CharLmRescoringChunker

public CharLmRescoringChunker(TokenizerFactory tokenizerFactory,
                              int numChunkingsRescored,
                              int nGram,
                              int numChars,
                              double interpolationRatio,
                              boolean smoothTags)
Construct a character language model rescoring chunker based on the specified components.

Whether tags are smoothed in the underlying model is determined by the flag in the constructor. See CharLmHmmChunker's class documentation for more information on the effects of smoothing.

Parameters:
tokenizerFactory - Tokenizer factory for boundaries.
numChunkingsRescored - Number of underlying chunkings rescored.
nGram - N-gram length for all models.
numChars - Number of characters in the training and run-time character sets.
interpolationRatio - Underlying language-model interpolation ratios.
smoothTags - Set to true to smooth tags in underlying chunker.
Method Detail

handle

public void handle(Chunking chunking)
Trains this chunker with the specified chunking.

Specified by:
handle in interface ObjectHandler<Chunking>
Parameters:
chunking - Training data.

compileTo

public void compileTo(ObjectOutput objOut)
               throws IOException
Compiles this model to the specified object output stream. The model may then be read back in using ObjectInput.readObject(); the resulting object will be an instance of AbstractCharLmRescoringChunker.

Specified by:
compileTo in interface Compilable
Parameters:
objOut - Object output to which this object is compiled.
Throws:
IOException - If there is an I/O error during the write.
IllegalArgumentException - If the tokenizer factory supplied to the constructor of this class is not compilable.

handle

@Deprecated
public void handle(String[] toks,
                              String[] whitespaces,
                              String[] tags)
Deprecated. Use handle(Chunking) instead.

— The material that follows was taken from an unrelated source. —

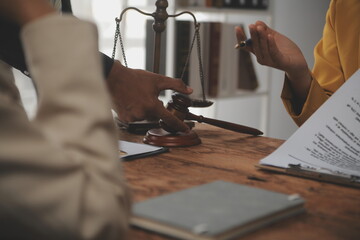 Judge gavel with Justice lawyers having team meeting at law firm background. Concepts of Law and Legal services.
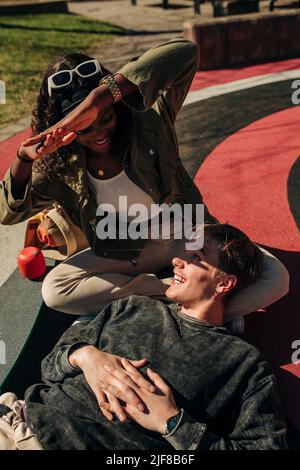 Donna che protegge il volto dell'uomo dalla luce del sole mentre si trova nel parco giochi Foto Stock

Trains this chunker with the specified BIO-encoded chunk tagging. For information on the external BIO format, as well as the internal tagging format, see HmmChunker.

Specified by:
handle in interface TagHandler
Parameters:
toks - Tokens of training data.
whitespaces - Whitespaces in training data.
tags - Tags for training data.

trainDictionary

public void trainDictionary(CharSequence cSeq,
                            String type)
Provides the specified character sequence data as training data for the language model of the specfied type. This method calls the method of the same signature on the trainable base chunker. The language model for the specified type will be created if it has not been seen previously.

Warning: It is not sufficient to only train a model using this method. Annotated data with a representative balance of entities and non-entity text is required to train the overall likelihood of entities and the contexts in which they occur. Use of this method will not bias the likelihoods of entities occurring. But, it might cause the common entities in the training data to be overwhelmed if a large dictionary is used. One possibility is to train the basic data multiple times relative to the dictionary (or vice-versa).

Parameters:
cSeq - Character sequence for training.
type - Type of character sequence.

trainOut

public void trainOut(CharSequence cSeq)
Trains the language model for non-entities using the specified character sequence.

Warning: Training using this method biases the likelihood of entities downward, because it does not train the likelihood of a non-entity character sequence ending and being followed by an entity of a specified type. Thus this method is best used to seed a dictionary of common words that are relatively few in number relative to the entity-annotated training data.

Parameters:
cSeq - Data to train the non-entity (out) model.